### MATERIAL PROVIDED
::::::::::

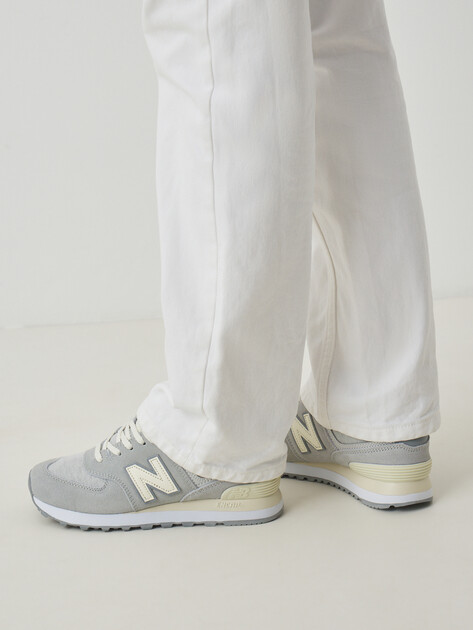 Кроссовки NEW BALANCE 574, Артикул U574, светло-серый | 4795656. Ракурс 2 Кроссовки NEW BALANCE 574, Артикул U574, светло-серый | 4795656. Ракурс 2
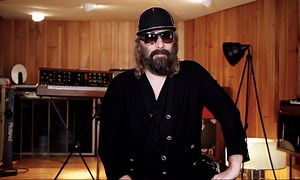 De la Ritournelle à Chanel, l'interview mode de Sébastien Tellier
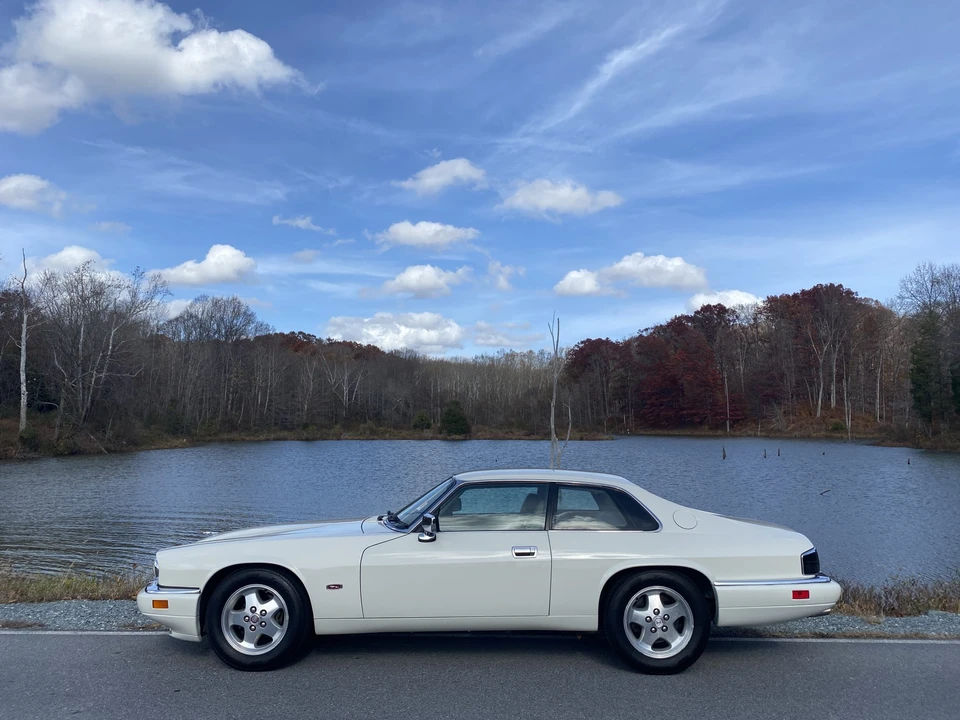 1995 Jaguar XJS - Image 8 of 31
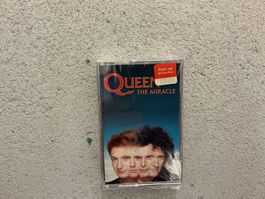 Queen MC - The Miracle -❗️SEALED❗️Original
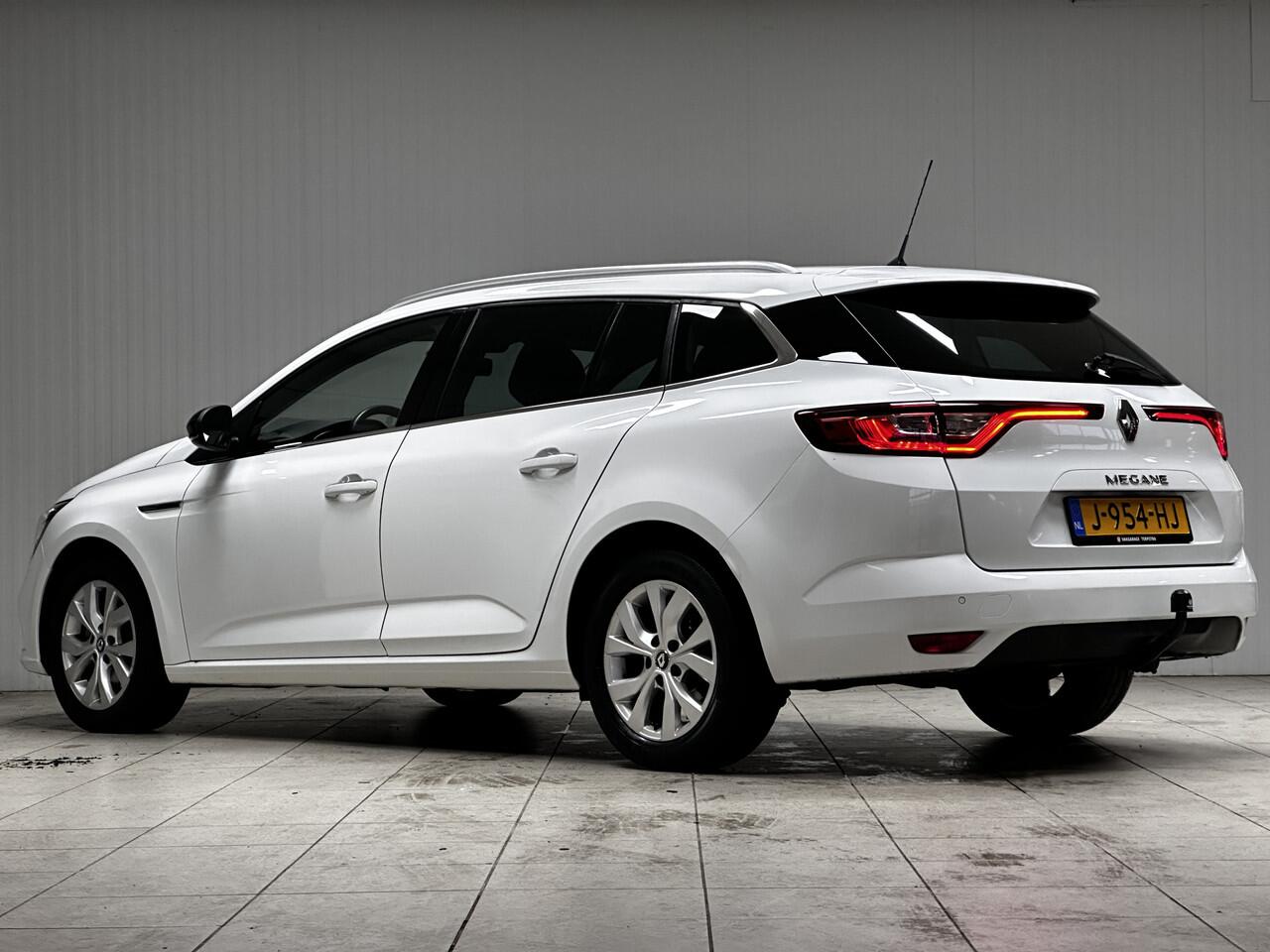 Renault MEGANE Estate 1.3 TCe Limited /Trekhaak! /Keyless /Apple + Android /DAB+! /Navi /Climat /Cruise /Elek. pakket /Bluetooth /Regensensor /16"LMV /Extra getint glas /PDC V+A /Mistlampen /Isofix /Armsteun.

::::::::::

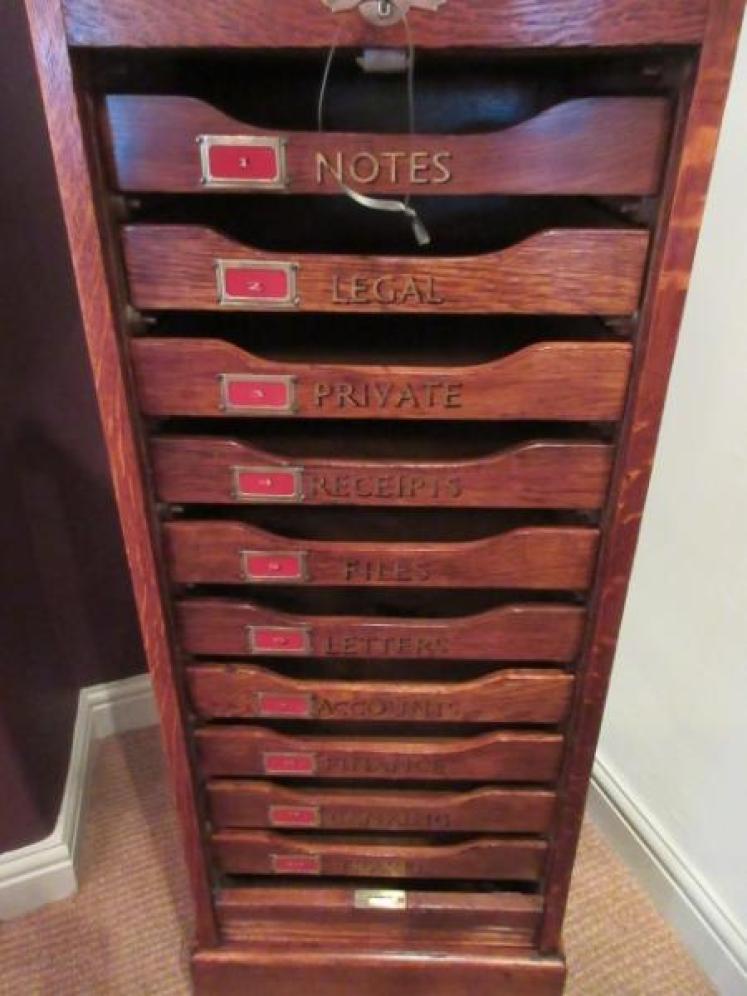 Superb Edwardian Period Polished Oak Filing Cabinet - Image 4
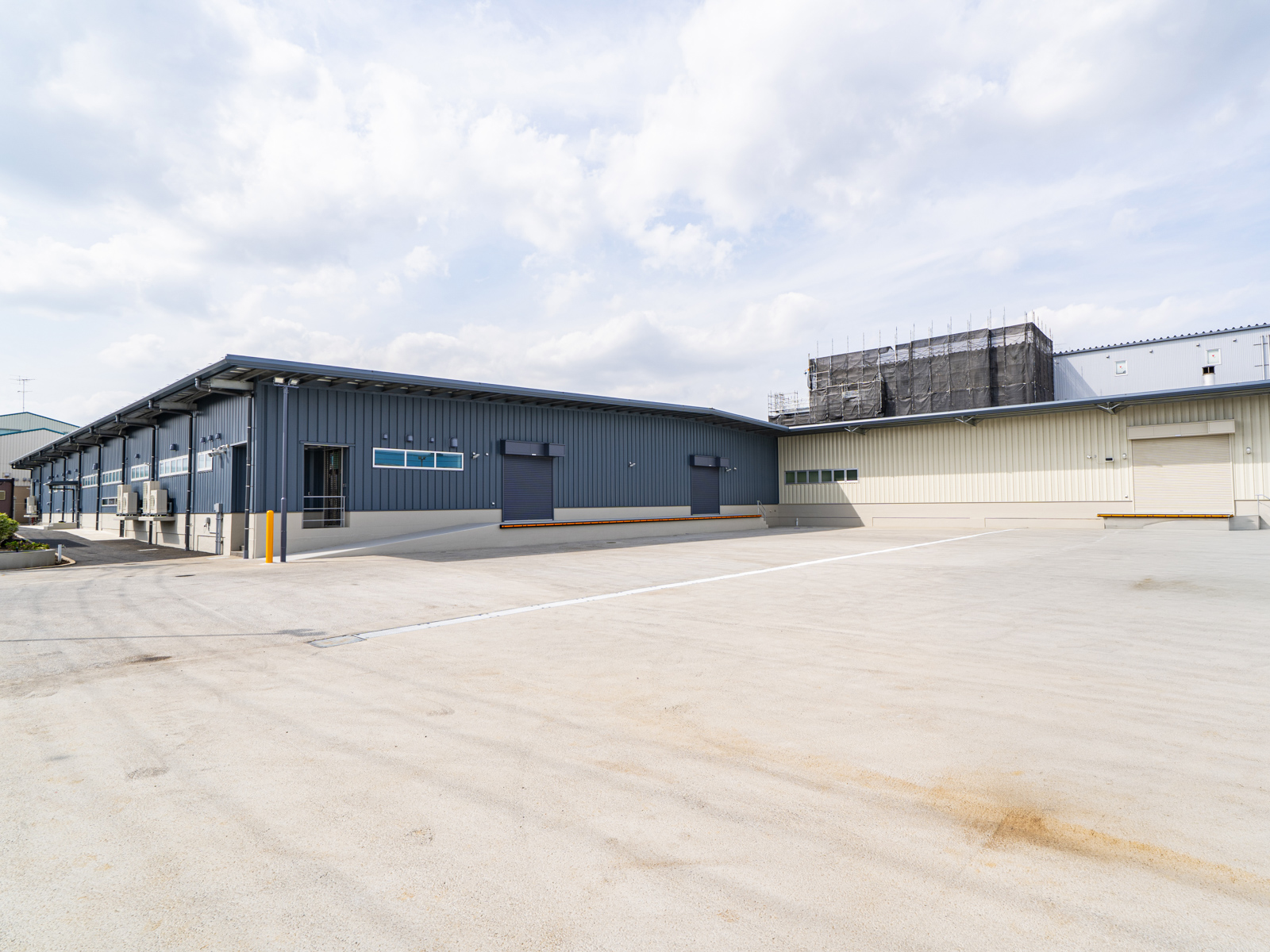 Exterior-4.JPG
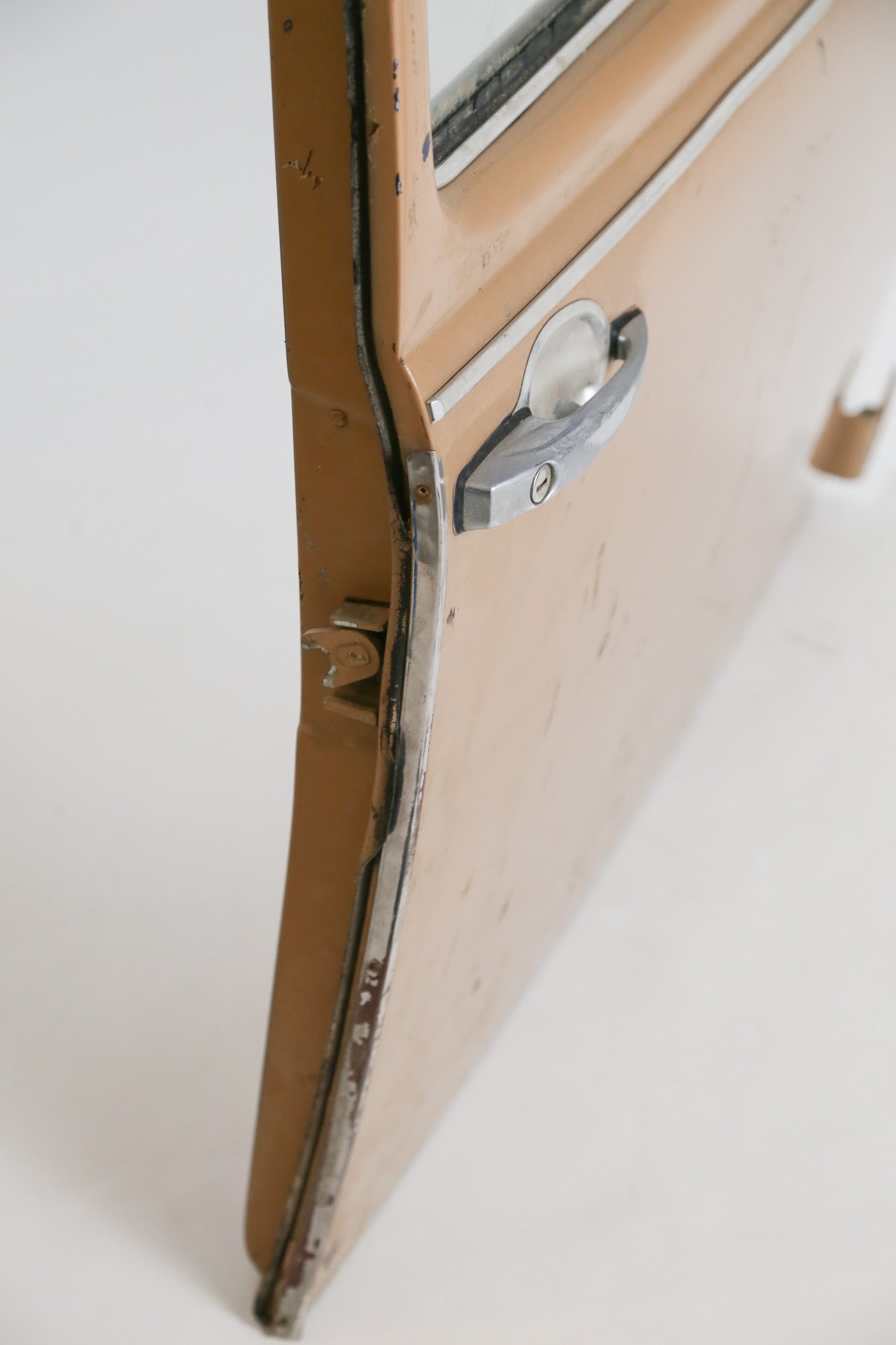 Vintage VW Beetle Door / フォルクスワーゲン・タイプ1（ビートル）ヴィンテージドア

::::::::::

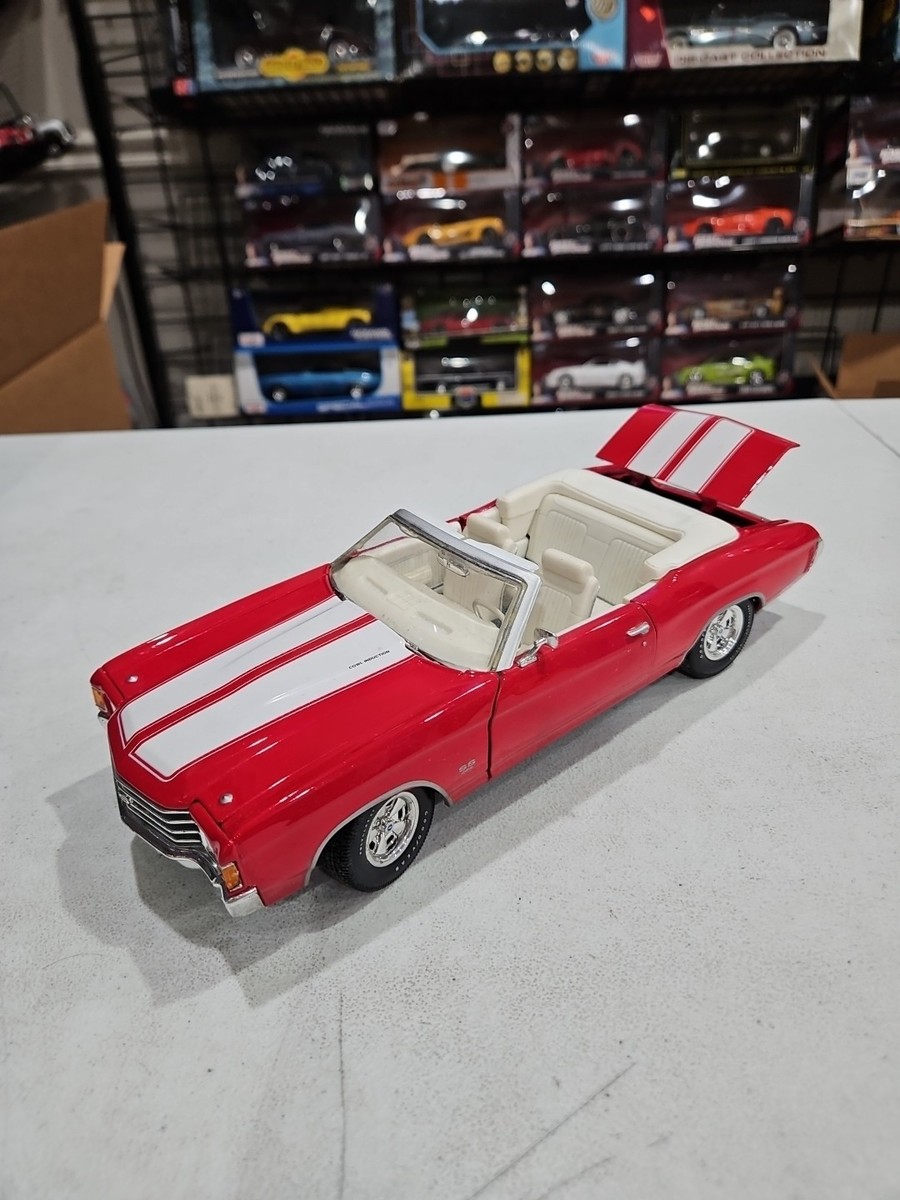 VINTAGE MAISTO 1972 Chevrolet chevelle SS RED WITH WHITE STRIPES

::::::::::

### ASSIGNMENT
The stretch to restate runs from the line above containing "Ракурс 2 Кроссовки" through the line containing "Renault MEGANE Estate". Copy it word for word, ends included, without pictures.

### SOLUTION TO THE EXERCISE
 Кроссовки NEW BALANCE 574, Артикул U574, светло-серый | 4795656. Ракурс 2 Кроссовки NEW BALANCE 574, Артикул U574, светло-серый | 4795656. Ракурс 2
 De la Ritournelle à Chanel, l'interview mode de Sébastien Tellier
 1995 Jaguar XJS - Image 8 of 31
 Queen MC - The Miracle -❗️SEALED❗️Original
 Renault MEGANE Estate 1.3 TCe Limited /Trekhaak! /Keyless /Apple + Android /DAB+! /Navi /Climat /Cruise /Elek. pakket /Bluetooth /Regensensor /16"LMV /Extra getint glas /PDC V+A /Mistlampen /Isofix /Armsteun.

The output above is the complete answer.